XXII. (158) Therefore having put an end to empty opinion, on which the chief multitude of men depends, and being devoted to that most sacred possession, truth, let us not use incorrect terms so as to attribute to those who thus call themselves citizens any real share in a free constitution, or any real liberty; nor, on the other hand, let us reproach those who have been born in the house of a master, or who have been bought with money as slaves, but let us rather pass over all ideas of birth, all writings implying mastership, and, in short, everything relating to the body, and let us confine ourselves to investigating the nature of the soul.
(159) For if it is driven to and fro by appetite, or if it is attracted by pleasure, or turned out of the way by fear, or contracted by grief, or tortured by want, it then makes itself a slave, and makes him who possesses such a soul the slave of ten thousand masters. But if it has resisted and subdued ignorance by prudence, and intemperance by temperance, and cowardice by bravery, and covetousness by justice; it then adds to its indomitable free spirit, power and authority.

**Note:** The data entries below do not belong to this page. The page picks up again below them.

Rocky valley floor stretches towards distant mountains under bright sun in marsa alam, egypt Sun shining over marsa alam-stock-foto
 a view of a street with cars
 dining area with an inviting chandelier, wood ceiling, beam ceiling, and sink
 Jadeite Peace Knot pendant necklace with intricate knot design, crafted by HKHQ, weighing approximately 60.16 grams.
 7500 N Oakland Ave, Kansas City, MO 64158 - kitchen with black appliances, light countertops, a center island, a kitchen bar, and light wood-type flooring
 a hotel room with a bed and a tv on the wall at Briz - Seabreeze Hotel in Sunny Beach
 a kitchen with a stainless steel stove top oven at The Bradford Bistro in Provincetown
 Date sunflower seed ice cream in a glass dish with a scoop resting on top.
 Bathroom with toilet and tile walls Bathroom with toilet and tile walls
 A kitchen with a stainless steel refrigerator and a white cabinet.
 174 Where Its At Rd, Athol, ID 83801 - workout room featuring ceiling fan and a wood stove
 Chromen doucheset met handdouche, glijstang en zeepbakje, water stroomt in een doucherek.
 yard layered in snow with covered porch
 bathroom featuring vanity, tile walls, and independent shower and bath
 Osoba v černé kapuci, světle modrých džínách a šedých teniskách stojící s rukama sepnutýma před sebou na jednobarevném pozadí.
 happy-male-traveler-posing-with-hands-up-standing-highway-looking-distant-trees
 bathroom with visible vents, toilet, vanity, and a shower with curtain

(160) And all the souls which are not as yet partakers of either of these two classes, neither of that which is enslaved, nor of that by which prudence is confirmed, but which are still naked like those of completely infant children; those we must nurse and cherish carefully, prescribing for them at first tender food instead of milk, namely, instruction in the encyclical sciences, and after that stronger food, such as is prepared by philosophy, by which they will be strengthened so as to become manly, and in good condition, and conducted on to a favourable end, not more that recommended by you than enjoined by the oracle, "To live in conformity to nature."